When we mention memory size, such as 8GB, we refer to physical memory. Also known as main memory, it predominantly consists of Dynamic Random Access Memory (DRAM) in most systems. Only the kernel has direct access to this physical memory. But how do processes access it?

The Linux kernel assigns each process a distinct virtual address space that is contiguous, allowing straightforward access to what is referred to as virtual memory.

This virtual address space is divided into two segments: kernel space and user space. The address space's range is contingent on the processor's word length—the maximum data size a single CPU instruction can manage. For example, in common 32-bit and 64-bit systems, their virtual address spaces can be represented in diagrams:

In a 32-bit system, the kernel space uses 1GB at the top, with the remaining 3GB allocated to user space. In contrast, both kernel and user spaces in a 64-bit system span 128TB each, occupying the upper and lower segments of the entire memory space, while the central area remains undefined.

You may recall the difference between user mode and kernel mode in processes.
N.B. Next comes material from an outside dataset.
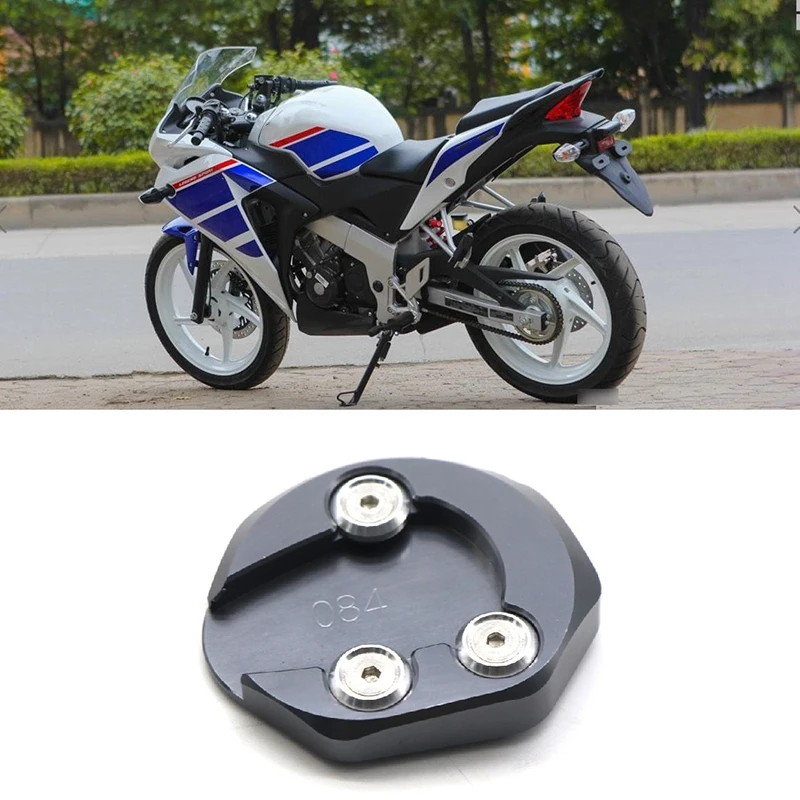 Cavalletto Cavalletto Laterale Estensione Ingranditore Piastra Pad Per Honda CBR150R 2016-2018 CMX300 CMX500 2018-2020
A process in user mode can only access user space memory. It can access kernel space memory only upon entering kernel mode. Although the address space for each process includes kernel space, this kernel space ultimately maps to the same physical memory. Therefore, when a process switches to kernel mode, it can seamlessly access kernel space memory.

Given that each process has a vast address space, the cumulative virtual memory of all processes greatly surpasses the physical memory available. Consequently, not all virtual memory receives physical allocation; only that which is actively utilized is assigned physical memory. This allocation occurs through memory mapping.

Memory mapping essentially connects virtual memory addresses to physical memory addresses. To facilitate this mapping, the kernel keeps a page table for each process, detailing the relationship between virtual and physical addresses:

The page table is stored within the CPU's Memory Management Unit (MMU), allowing the processor to access the required memory directly through hardware under normal circumstances.

When a process tries to access a virtual address not found in the page table, a page fault exception is raised. The system then enters kernel space to allocate physical memory, updates the process's page table, and subsequently returns to user space to continue execution.

The Translation Lookaside Buffer (TLB) impacts CPU memory access performance. Essentially, the TLB serves as a cache for the page table within the MMU. As the virtual address space of a process is isolated, optimizing TLB cache usage by minimizing context switches and TLB flushes can boost CPU memory access efficiency.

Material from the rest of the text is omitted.